Dopo il 25 settembre, è ovvio che un governo, in un modo o nell’altro, bisognerà pur farlo ed allora ribadiamo che, per quello che riguarda il centrodestra – come si è già detto ieri – verrà probabilmente a galla tutta una serie di contraddizioni di assoluta rilevanza sia sul piano geopolitico, che su quello economico o delle riforme istituzionali.

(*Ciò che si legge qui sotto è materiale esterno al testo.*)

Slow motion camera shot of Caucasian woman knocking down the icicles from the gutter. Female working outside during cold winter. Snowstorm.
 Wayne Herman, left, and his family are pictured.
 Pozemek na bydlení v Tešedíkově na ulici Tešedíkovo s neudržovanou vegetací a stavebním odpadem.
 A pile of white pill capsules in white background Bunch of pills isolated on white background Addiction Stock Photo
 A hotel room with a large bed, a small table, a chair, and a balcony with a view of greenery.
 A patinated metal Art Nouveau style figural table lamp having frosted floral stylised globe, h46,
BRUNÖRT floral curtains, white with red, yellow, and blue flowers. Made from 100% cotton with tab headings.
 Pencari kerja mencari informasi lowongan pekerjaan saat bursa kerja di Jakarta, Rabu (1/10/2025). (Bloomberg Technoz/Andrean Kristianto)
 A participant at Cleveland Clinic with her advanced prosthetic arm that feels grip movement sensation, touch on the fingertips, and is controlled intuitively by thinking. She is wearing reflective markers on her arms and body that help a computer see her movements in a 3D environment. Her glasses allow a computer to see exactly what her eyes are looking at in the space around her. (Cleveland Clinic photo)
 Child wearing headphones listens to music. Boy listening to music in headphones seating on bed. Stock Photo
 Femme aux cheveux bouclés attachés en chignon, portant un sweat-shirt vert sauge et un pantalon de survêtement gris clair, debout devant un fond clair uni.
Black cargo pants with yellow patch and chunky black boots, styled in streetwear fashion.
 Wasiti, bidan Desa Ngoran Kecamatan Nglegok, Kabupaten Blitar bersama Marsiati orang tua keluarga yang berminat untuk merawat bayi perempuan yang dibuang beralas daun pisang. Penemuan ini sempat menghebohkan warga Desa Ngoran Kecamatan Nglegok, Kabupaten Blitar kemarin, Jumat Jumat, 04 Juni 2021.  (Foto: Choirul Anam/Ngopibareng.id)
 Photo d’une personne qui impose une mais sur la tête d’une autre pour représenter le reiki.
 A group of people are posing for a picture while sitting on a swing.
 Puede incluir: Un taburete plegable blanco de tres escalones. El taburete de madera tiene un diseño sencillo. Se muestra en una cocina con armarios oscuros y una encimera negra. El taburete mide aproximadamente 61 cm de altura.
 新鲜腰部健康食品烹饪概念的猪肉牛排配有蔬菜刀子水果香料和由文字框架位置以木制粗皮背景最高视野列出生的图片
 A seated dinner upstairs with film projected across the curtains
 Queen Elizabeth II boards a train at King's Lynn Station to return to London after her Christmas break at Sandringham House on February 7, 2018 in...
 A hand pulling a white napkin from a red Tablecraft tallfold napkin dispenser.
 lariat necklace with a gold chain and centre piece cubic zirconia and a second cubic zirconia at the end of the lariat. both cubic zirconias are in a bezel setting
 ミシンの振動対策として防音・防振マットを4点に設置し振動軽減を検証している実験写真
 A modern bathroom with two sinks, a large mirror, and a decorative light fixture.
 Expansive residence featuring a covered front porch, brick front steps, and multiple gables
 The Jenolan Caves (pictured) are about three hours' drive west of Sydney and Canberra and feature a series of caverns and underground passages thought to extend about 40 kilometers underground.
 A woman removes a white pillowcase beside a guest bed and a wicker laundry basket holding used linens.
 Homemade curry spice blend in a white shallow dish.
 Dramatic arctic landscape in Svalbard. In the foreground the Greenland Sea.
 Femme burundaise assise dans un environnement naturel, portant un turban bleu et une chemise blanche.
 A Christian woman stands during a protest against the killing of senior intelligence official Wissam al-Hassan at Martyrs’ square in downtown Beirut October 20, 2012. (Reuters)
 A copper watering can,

Se andiamo, invece, a guardare a cosa bolle in pentola nel centro sinistra, destinato – stando almeno ai sondaggi – a subire una sonora sconfitta, la situazione, in una certa qual misura, appare paradossalmente già molto più chiara, anche se rassegnata. Non a caso – riferendosi proprio alla coalizione composta dal PD, da + Europa, da Sinistra e Verdi e da altre sigle minori – Enrico Letta ha dichiarato che lui a governare con la sinistra di Fratoianni e con l’ecologismo duro e puro di Bonelli non ci pensa affatto. E la cosa, vista sul piano strettamente politico, è più che comprensibile, dal momento che si sta parlando di uno schieramento elettorale che cerca di far convivere posizioni tradizionalmente conflittuali tra di loro, quali sono quelle che sono espressione di un riformismo liberale con altre che, invece, si rifanno a più lontane esperienze storiche di matrice massimalista. È però strano, che il segretario del PD un’affermazione del genere l’abbia fatta proprio mentre è ancora in pieno svolgimento la campagna elettorale…In sostanza, Enrico Letta dice, a chiare lettere, che il centro sinistra ha già rinunciato in partenza a porsi come possibile alternativa di governo, puntando al massimo a ridimensionare il quasi certo successo dello schieramento avversario ed accontentandosi semplicemente di complicare un po’ di più il compito di Giorgia Meloni o di chi, comunque, cercherà di dare vita ad un esecutivo di destra….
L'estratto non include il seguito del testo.